(Items from a dataset)
┌────────
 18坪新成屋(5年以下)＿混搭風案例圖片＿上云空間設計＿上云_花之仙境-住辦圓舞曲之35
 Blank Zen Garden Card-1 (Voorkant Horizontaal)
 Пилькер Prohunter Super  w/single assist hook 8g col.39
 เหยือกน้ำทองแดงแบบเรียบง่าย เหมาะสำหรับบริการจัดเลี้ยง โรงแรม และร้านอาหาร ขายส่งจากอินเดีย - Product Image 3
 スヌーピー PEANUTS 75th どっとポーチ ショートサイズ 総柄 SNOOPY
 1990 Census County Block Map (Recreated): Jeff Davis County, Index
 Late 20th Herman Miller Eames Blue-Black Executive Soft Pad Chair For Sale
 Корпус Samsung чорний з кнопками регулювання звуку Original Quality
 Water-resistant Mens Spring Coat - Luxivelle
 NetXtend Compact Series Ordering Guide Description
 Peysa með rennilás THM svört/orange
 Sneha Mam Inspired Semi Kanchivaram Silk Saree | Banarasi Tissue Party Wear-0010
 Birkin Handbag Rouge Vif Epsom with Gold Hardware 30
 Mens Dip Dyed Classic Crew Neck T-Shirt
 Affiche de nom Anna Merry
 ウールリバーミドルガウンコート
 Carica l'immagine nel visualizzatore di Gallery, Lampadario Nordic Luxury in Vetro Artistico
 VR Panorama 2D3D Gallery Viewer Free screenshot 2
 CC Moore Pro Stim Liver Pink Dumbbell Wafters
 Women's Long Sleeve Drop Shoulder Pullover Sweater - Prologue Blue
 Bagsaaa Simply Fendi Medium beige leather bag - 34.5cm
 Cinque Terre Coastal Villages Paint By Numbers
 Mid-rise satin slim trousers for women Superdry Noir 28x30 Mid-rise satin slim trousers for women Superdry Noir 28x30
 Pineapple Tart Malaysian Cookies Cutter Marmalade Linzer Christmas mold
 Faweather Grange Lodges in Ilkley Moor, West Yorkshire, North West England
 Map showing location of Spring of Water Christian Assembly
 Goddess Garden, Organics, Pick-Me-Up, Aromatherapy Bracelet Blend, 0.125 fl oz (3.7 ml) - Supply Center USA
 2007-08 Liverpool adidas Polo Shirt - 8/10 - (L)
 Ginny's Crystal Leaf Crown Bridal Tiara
└────────
What is needed
Your answer should be a single number: the count of lines in the records that contain "Water".

Exercise result
2